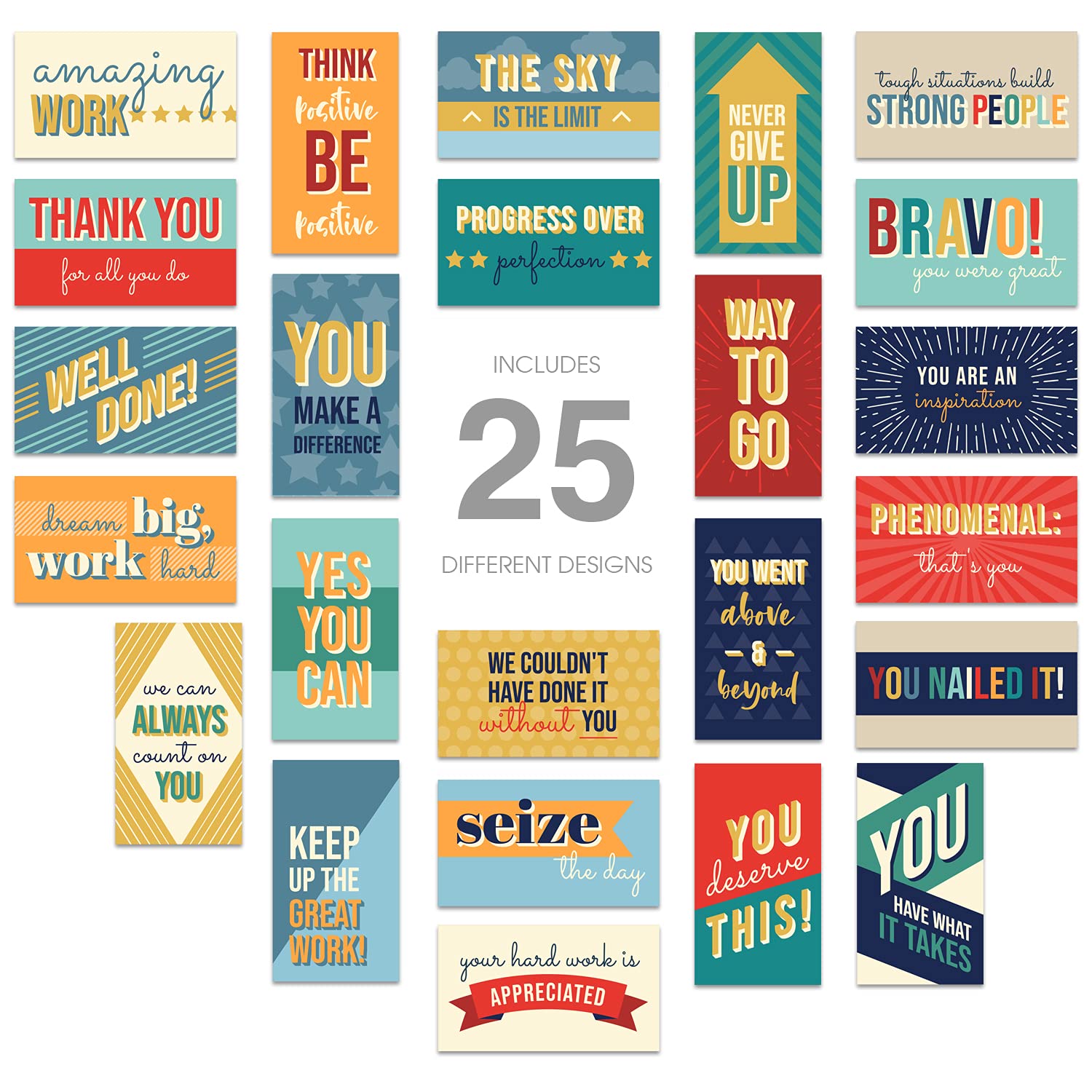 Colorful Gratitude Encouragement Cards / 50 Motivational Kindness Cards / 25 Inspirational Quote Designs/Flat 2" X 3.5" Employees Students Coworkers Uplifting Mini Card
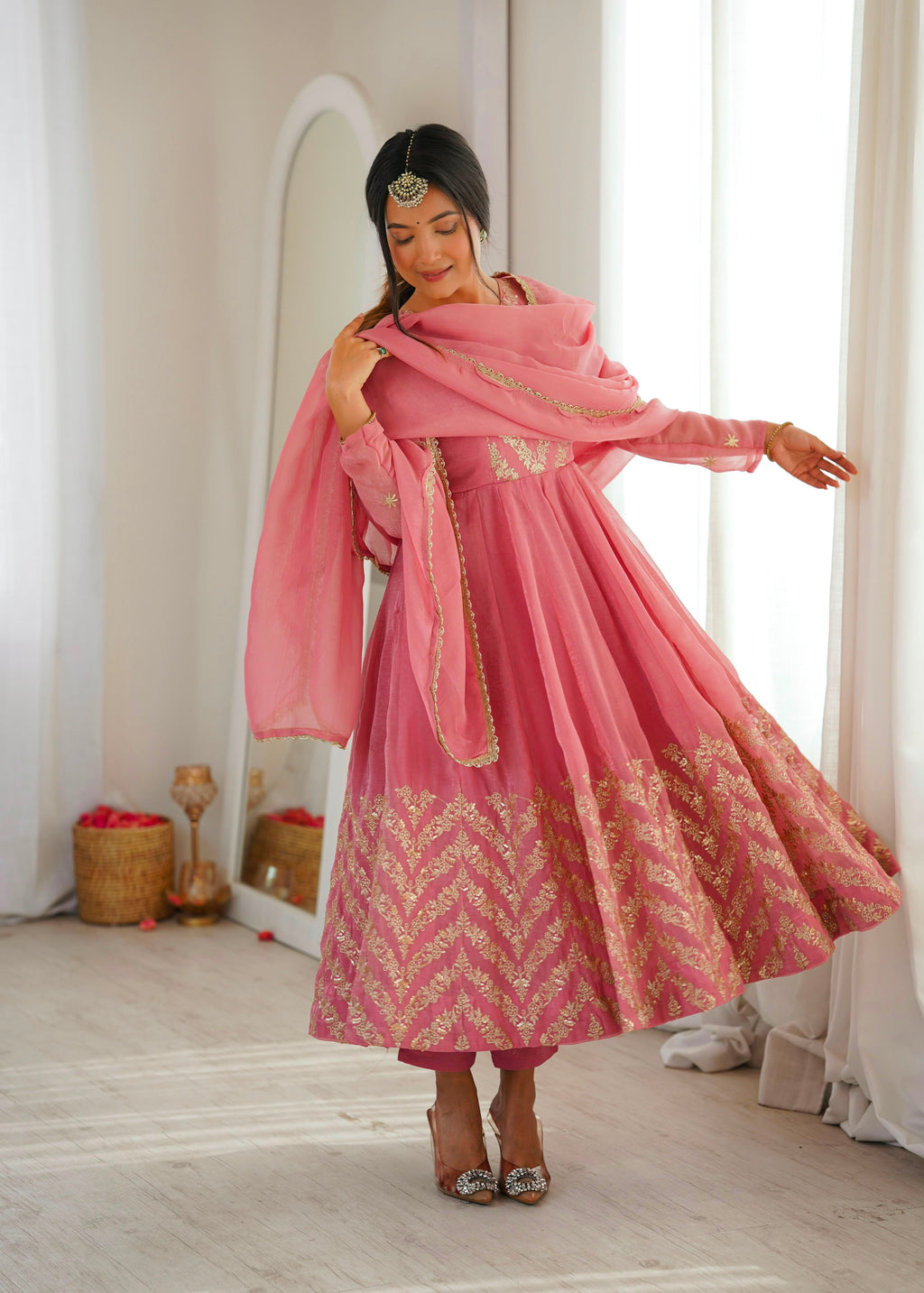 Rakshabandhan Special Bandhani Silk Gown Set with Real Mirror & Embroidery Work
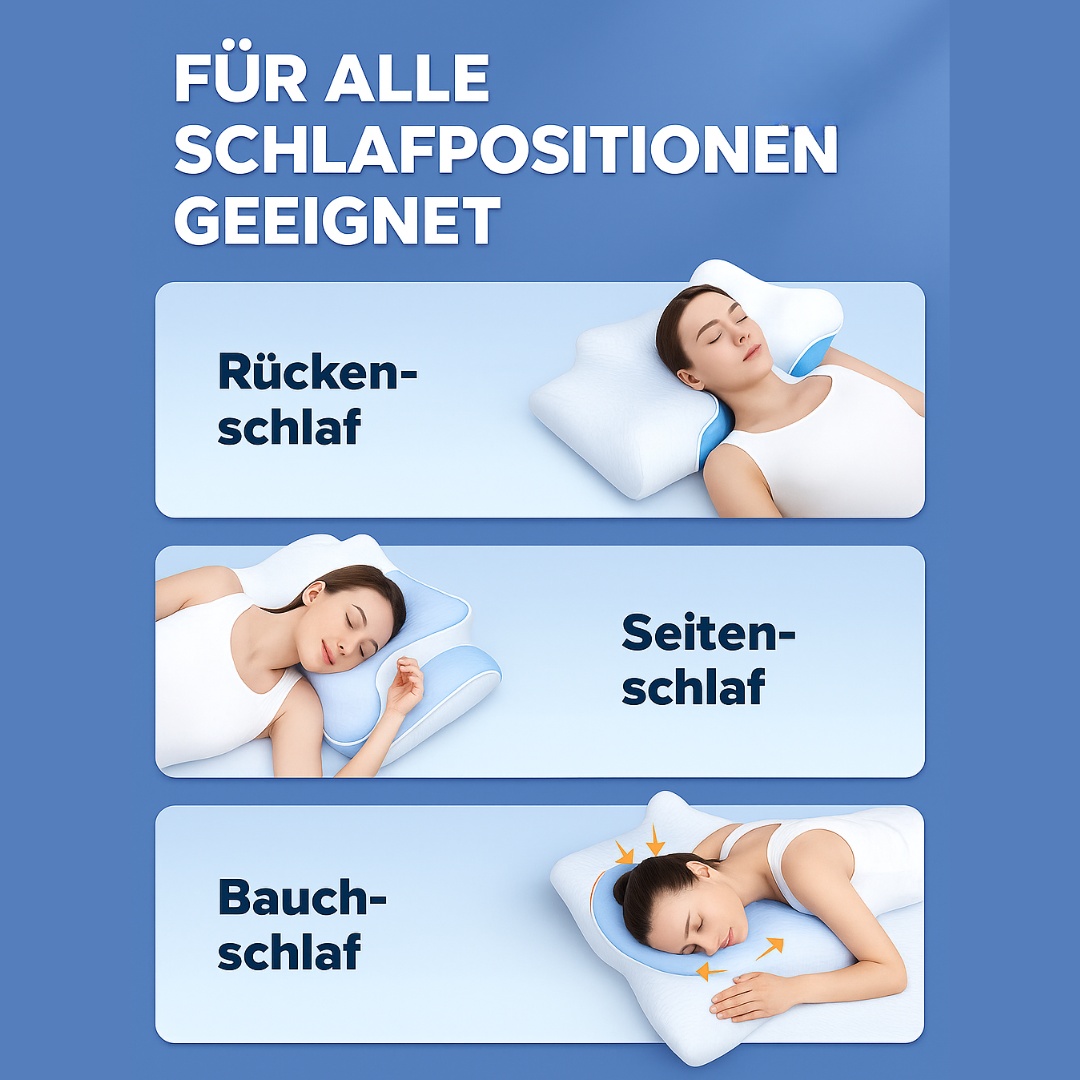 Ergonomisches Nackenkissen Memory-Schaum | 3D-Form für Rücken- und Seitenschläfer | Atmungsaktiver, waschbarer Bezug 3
==
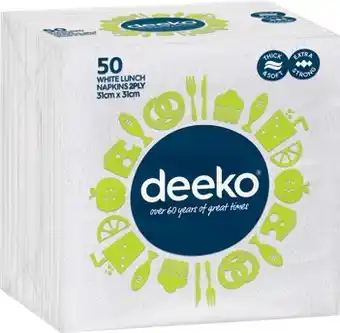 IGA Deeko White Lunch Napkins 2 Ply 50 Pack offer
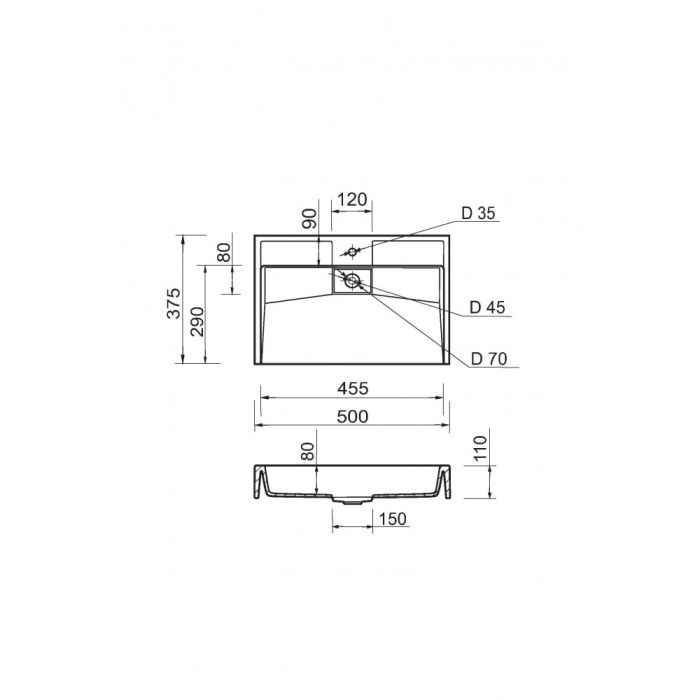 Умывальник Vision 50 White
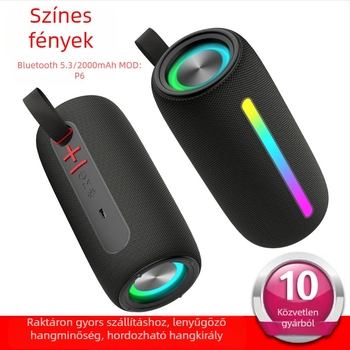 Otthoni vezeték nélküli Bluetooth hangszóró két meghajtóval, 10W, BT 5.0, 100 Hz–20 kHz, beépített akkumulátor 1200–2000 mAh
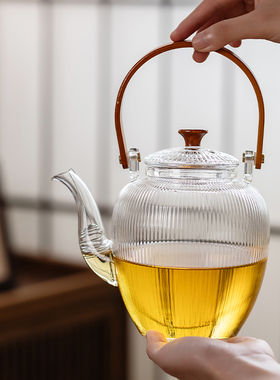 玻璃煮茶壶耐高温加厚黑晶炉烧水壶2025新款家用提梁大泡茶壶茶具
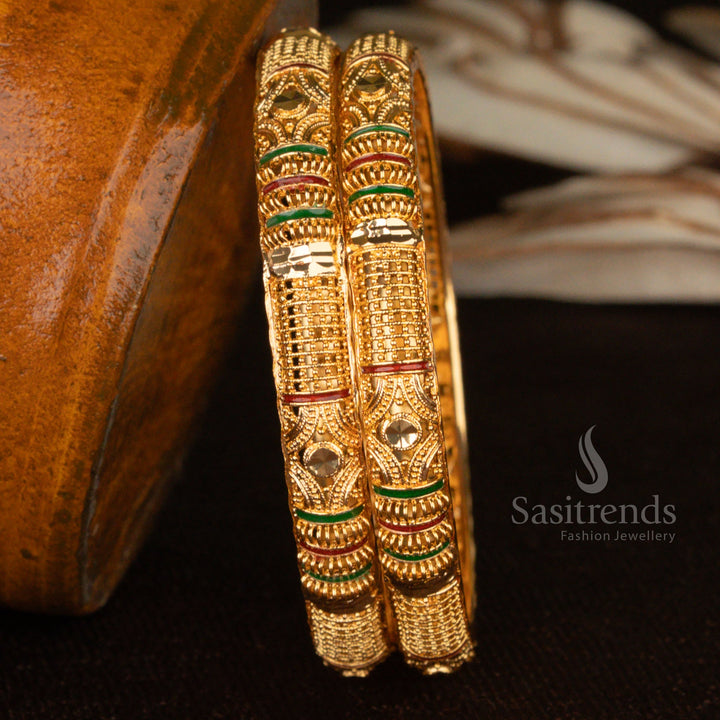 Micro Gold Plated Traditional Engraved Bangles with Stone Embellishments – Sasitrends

WHAT THE EXERCISE ASKS:
Look above for the line with "Умывальник Vision 50 White" and the line with "Micro Gold Plated". Give again exactly those two lines and all lines between them, pictures excluded.

TASK ANSWER:
 Умывальник Vision 50 White
 Otthoni vezeték nélküli Bluetooth hangszóró két meghajtóval, 10W, BT 5.0, 100 Hz–20 kHz, beépített akkumulátor 1200–2000 mAh
 玻璃煮茶壶耐高温加厚黑晶炉烧水壶2025新款家用提梁大泡茶壶茶具
 Micro Gold Plated Traditional Engraved Bangles with Stone Embellishments – Sasitrends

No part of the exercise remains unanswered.